GIVEN INFORMATION START

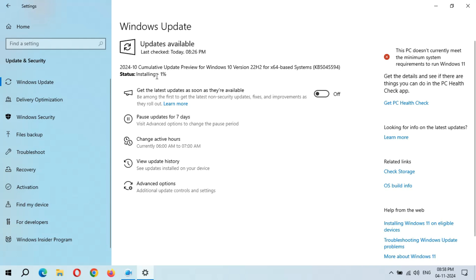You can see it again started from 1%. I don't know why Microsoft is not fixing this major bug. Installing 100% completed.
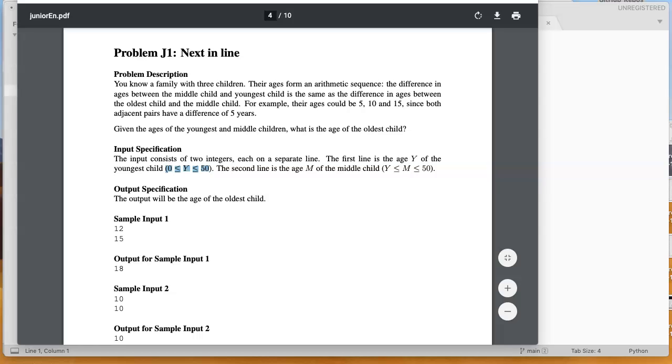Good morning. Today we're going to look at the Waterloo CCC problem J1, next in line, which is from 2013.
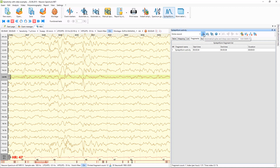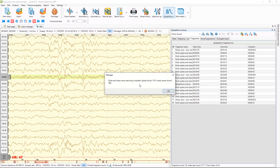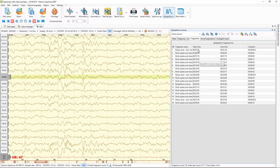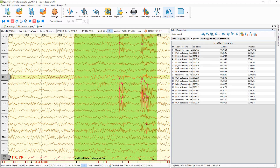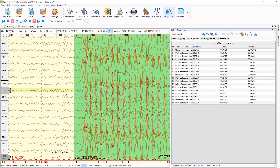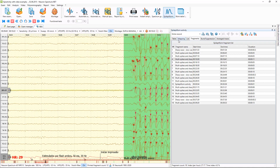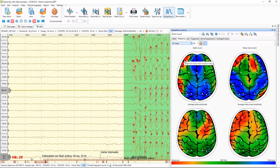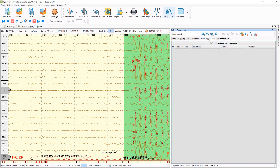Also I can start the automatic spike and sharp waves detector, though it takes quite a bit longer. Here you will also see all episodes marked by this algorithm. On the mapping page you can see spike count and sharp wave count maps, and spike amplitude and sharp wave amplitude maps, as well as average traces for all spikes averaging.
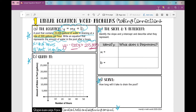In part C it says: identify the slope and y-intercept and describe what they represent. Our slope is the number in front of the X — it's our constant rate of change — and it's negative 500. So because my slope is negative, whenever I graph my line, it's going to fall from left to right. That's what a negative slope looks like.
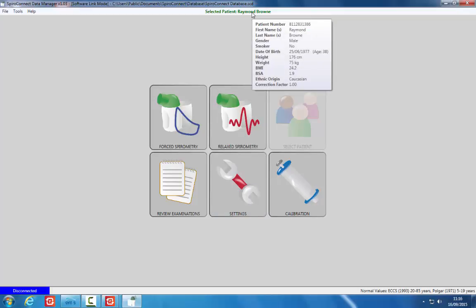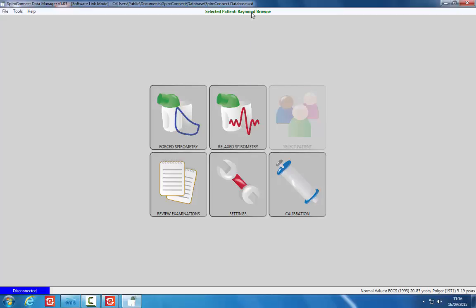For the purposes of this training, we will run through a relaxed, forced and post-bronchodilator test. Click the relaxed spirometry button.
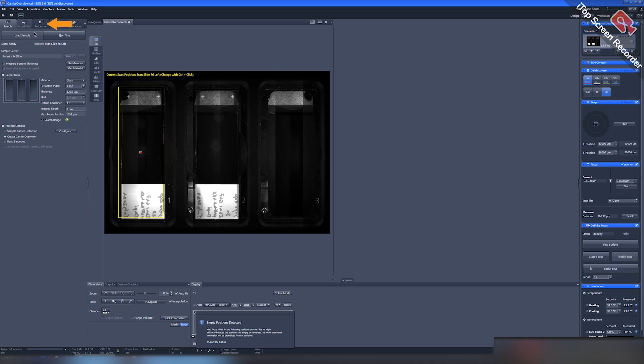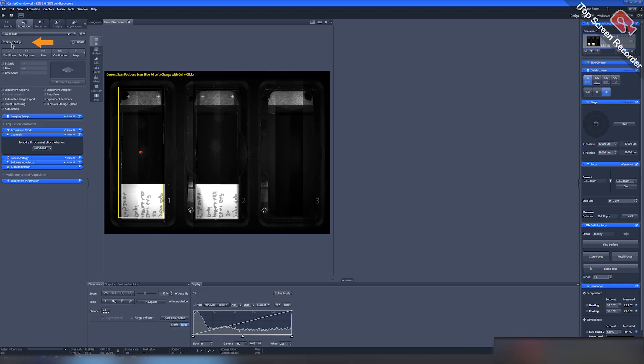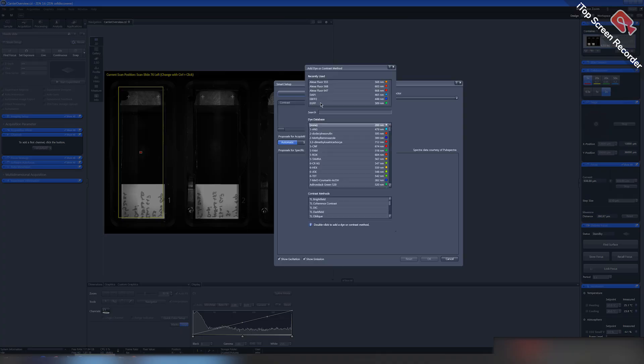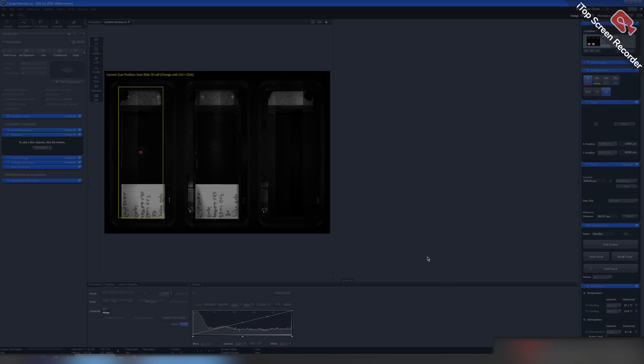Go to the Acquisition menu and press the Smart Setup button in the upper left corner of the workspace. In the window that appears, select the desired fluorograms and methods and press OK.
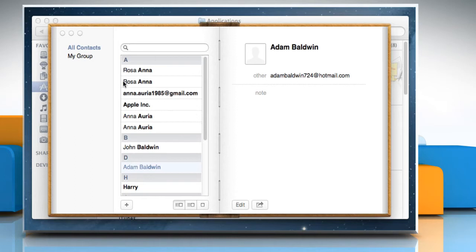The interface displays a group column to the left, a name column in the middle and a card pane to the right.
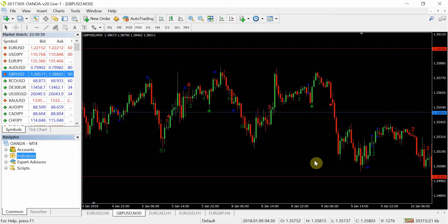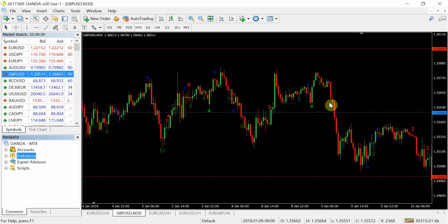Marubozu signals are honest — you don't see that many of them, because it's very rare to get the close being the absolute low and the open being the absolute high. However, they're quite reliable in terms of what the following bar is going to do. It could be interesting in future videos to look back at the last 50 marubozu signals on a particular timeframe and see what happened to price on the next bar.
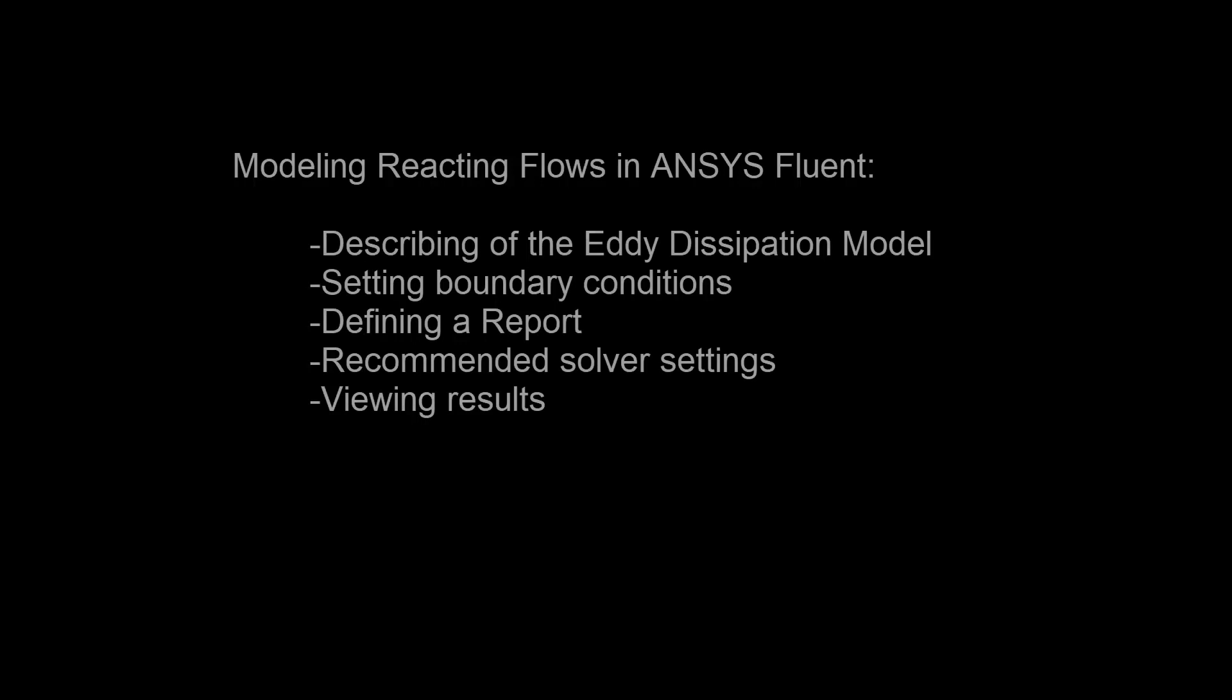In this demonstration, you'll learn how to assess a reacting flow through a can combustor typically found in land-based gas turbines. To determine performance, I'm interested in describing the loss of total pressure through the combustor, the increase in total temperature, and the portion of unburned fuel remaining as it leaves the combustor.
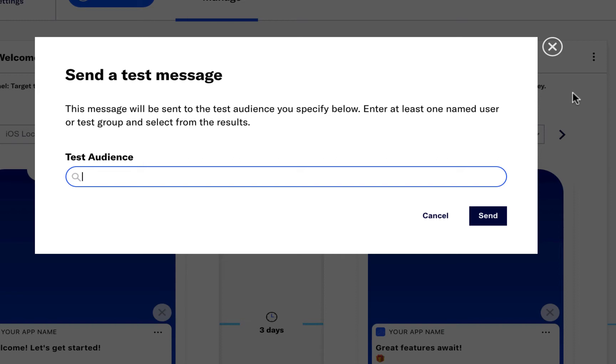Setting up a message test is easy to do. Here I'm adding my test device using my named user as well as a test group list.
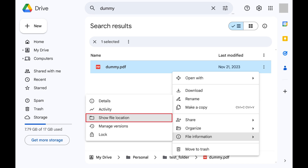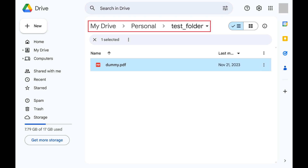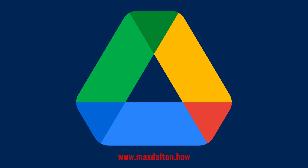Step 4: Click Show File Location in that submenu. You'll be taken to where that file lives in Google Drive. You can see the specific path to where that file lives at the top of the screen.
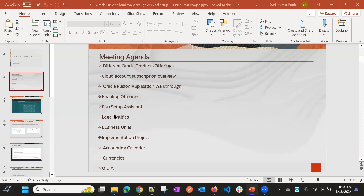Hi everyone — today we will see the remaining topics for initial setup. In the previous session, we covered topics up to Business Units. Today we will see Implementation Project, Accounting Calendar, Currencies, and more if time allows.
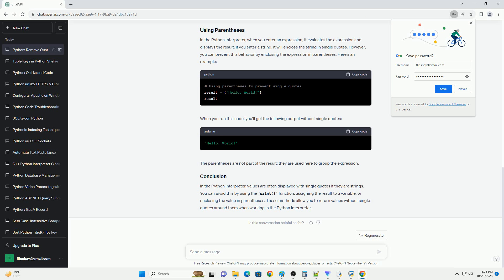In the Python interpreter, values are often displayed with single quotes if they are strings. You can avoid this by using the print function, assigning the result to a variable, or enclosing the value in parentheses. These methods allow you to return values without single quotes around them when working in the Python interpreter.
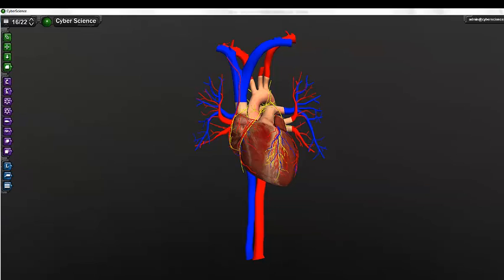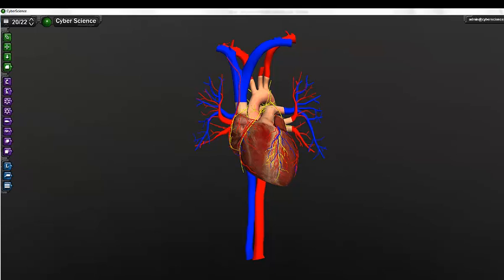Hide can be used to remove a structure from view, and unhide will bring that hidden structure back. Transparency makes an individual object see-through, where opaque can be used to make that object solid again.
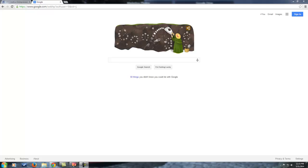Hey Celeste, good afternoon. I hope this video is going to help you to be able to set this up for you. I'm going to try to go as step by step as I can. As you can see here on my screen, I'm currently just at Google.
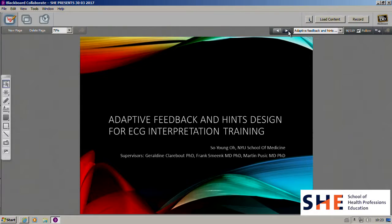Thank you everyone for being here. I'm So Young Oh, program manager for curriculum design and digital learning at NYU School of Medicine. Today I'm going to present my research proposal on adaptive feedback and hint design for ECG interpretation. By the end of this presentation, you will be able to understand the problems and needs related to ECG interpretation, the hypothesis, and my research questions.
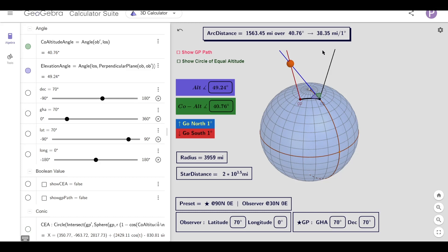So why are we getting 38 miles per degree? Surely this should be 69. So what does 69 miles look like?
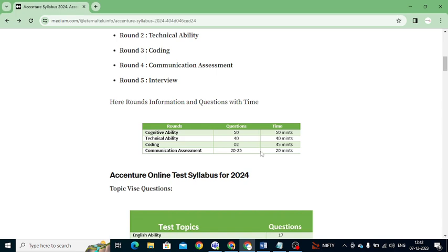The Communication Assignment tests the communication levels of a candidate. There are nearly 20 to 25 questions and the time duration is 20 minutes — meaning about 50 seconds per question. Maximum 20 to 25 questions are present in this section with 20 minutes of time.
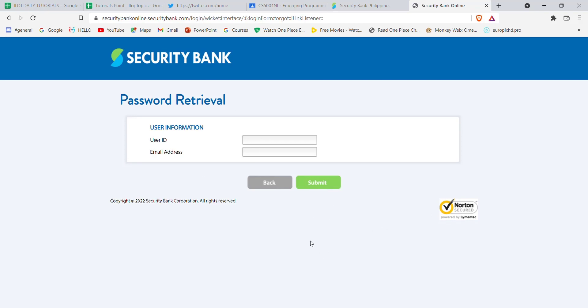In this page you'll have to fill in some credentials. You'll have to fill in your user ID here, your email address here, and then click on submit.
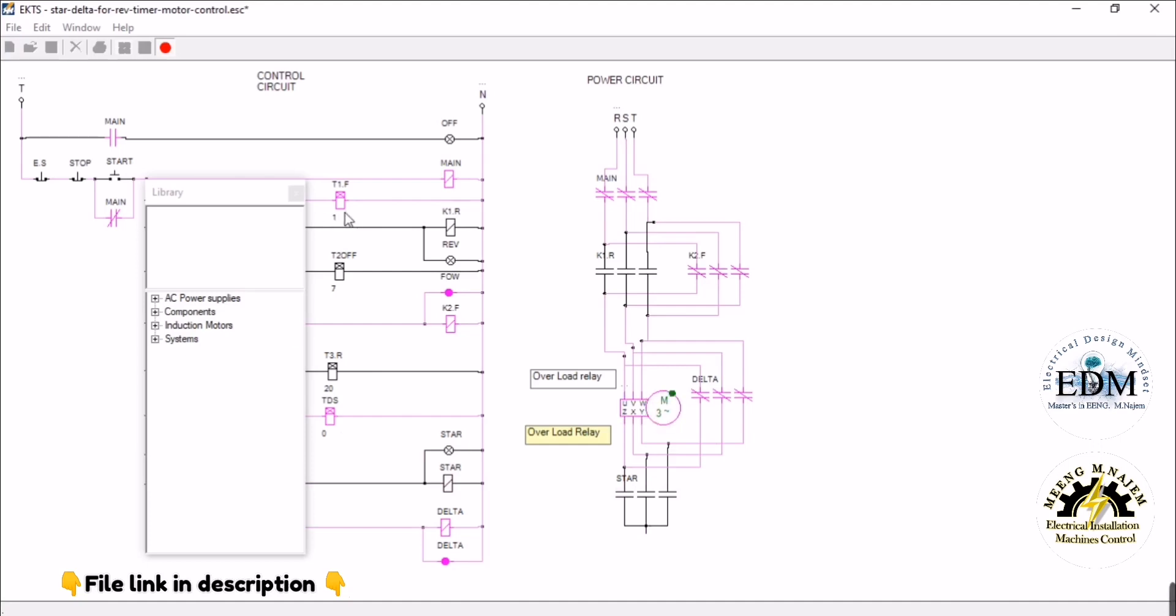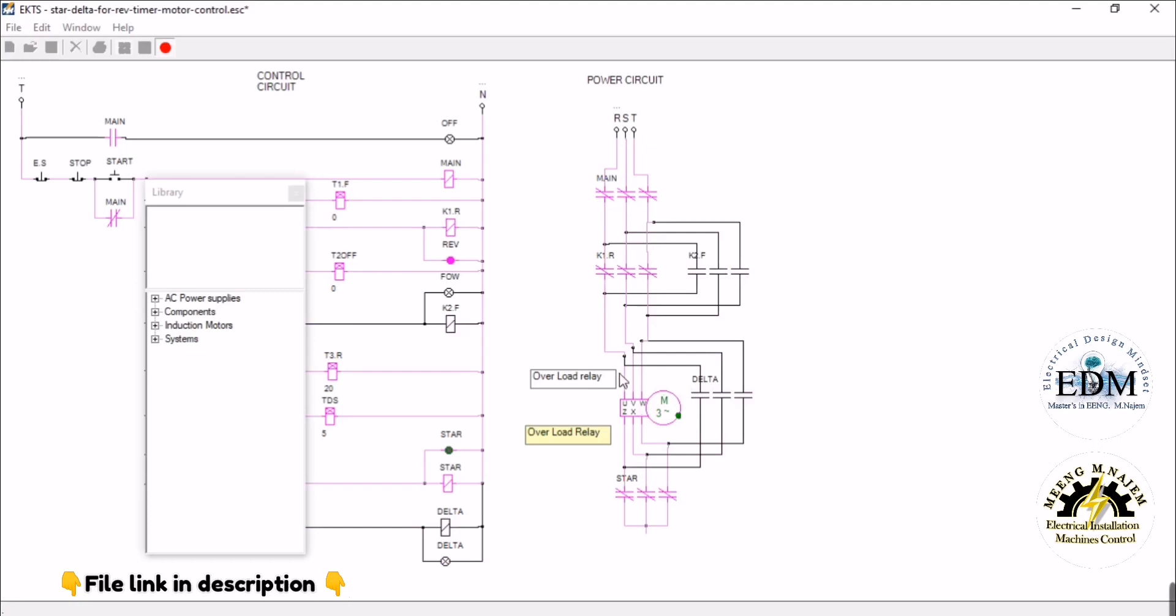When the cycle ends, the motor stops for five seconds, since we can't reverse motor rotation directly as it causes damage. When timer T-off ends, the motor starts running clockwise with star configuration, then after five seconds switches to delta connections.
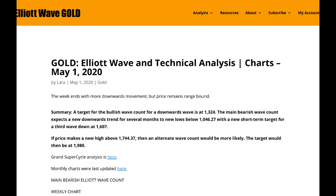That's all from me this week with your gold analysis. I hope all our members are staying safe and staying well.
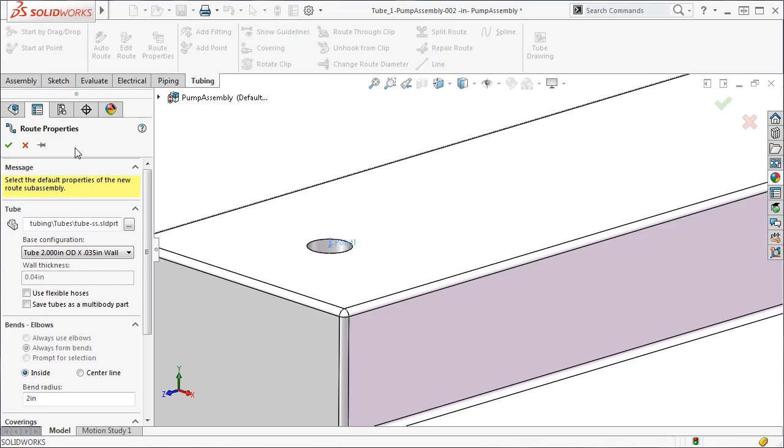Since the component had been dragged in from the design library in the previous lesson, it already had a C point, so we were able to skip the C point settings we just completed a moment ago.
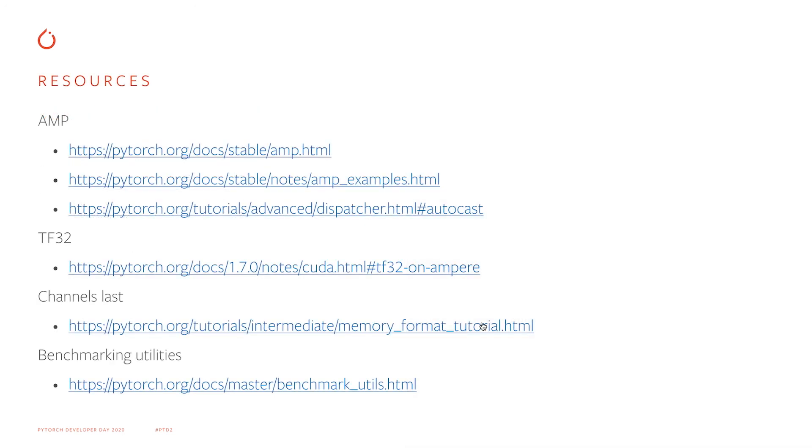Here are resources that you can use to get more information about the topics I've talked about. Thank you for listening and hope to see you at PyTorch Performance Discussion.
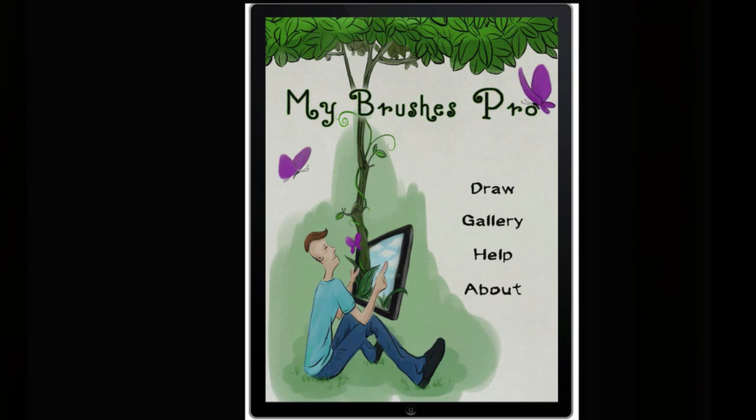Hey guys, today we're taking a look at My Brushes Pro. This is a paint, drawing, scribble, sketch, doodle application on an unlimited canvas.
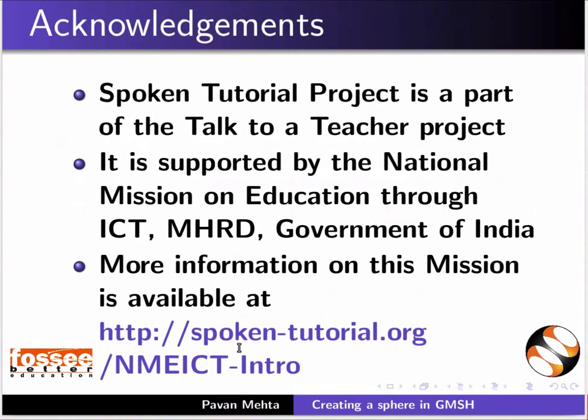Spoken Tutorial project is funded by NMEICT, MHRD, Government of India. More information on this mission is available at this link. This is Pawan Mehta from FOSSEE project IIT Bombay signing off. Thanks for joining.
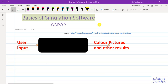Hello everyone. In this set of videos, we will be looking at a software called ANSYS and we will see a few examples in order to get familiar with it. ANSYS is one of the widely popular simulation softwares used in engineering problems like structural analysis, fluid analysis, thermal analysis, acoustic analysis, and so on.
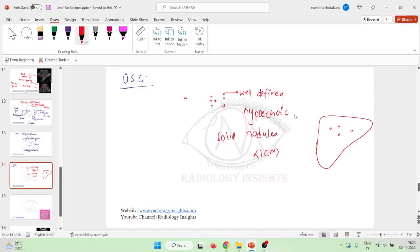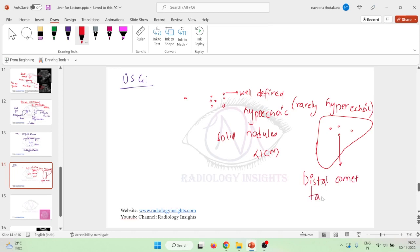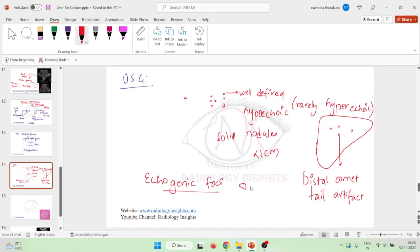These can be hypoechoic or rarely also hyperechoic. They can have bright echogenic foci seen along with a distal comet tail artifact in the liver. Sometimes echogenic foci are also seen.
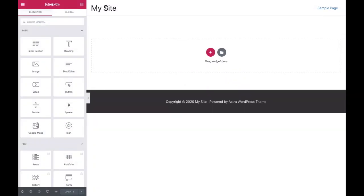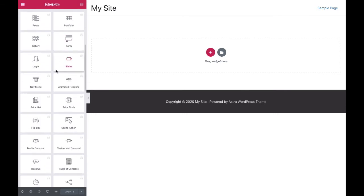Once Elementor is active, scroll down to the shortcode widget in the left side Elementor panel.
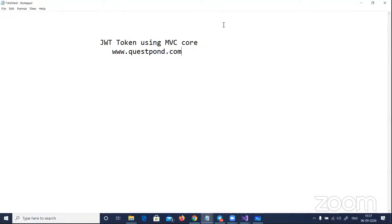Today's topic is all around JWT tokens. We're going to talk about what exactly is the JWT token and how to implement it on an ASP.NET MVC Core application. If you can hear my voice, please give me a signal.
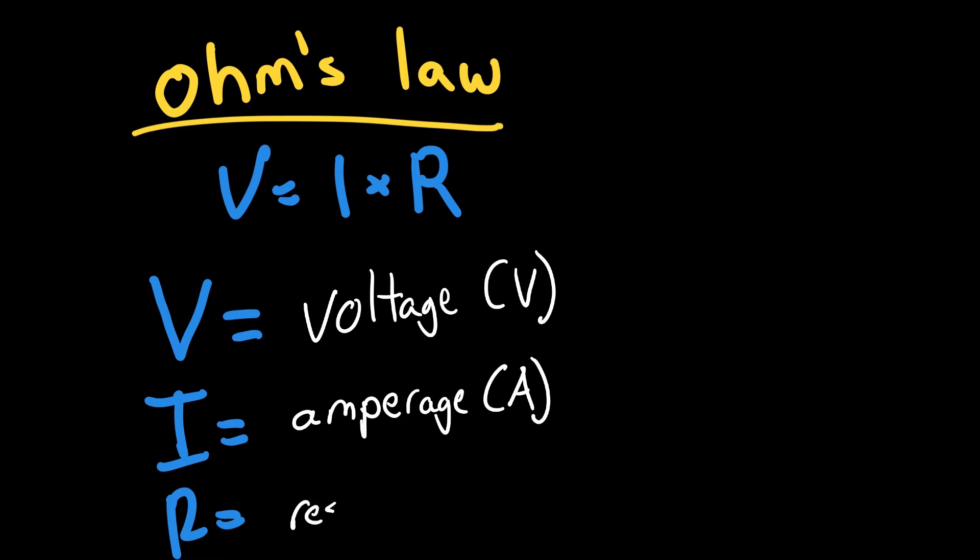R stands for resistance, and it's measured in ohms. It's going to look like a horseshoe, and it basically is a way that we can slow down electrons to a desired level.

GIVEN INFORMATION END

# REQUIRED WORK
Reproduce, word for word, every line from the start of the records down to and including the line with "Good morning. Today"; skip the pictures.

# PROBLEM SOLUTION
You can see it again started from 1%. I don't know why Microsoft is not fixing this major bug. Installing 100% completed.
Good morning. Today we're going to look at the Waterloo CCC problem J1, next in line, which is from 2013.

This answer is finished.